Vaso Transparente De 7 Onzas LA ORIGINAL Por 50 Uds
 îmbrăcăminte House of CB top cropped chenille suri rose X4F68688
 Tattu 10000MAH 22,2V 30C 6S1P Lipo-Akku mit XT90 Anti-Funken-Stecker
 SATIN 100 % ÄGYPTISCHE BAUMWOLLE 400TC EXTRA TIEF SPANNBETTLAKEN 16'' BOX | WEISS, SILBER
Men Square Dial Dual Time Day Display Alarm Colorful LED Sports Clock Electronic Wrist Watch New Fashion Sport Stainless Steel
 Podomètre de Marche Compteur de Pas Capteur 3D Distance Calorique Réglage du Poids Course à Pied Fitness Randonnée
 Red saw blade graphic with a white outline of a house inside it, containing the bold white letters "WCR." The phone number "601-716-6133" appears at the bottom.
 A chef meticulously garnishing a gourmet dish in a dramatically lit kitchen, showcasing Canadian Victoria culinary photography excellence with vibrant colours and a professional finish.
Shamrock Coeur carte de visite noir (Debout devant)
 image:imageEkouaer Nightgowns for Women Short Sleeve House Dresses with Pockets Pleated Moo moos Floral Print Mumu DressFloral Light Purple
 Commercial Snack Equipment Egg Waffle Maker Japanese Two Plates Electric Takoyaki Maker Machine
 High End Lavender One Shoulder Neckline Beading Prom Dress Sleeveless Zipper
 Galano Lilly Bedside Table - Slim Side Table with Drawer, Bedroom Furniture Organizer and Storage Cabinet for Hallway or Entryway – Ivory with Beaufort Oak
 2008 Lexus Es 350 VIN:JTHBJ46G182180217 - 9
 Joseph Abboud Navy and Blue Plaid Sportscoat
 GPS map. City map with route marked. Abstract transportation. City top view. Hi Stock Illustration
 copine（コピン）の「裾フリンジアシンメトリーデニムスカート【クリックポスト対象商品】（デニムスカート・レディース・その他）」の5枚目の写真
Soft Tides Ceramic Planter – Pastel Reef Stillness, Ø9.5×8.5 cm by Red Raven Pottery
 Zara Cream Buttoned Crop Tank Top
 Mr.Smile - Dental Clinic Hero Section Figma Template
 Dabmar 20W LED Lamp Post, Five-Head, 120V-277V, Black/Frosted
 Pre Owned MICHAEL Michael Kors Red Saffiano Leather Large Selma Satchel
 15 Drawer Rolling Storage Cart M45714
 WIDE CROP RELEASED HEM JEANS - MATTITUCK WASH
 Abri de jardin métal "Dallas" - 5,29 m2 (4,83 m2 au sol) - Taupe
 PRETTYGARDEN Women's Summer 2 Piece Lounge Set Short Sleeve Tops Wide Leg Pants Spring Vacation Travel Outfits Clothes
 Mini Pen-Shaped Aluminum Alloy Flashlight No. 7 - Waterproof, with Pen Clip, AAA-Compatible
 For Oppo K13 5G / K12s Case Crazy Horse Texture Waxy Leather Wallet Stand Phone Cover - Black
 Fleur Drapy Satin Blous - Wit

-------

Problem to solve: The line with "Mini Pen-Shaped Aluminum" and all lines after it through the end of the data above: write these out exactly and add nothing.

Task solution:
 Mini Pen-Shaped Aluminum Alloy Flashlight No. 7 - Waterproof, with Pen Clip, AAA-Compatible
 For Oppo K13 5G / K12s Case Crazy Horse Texture Waxy Leather Wallet Stand Phone Cover - Black
 Fleur Drapy Satin Blous - Wit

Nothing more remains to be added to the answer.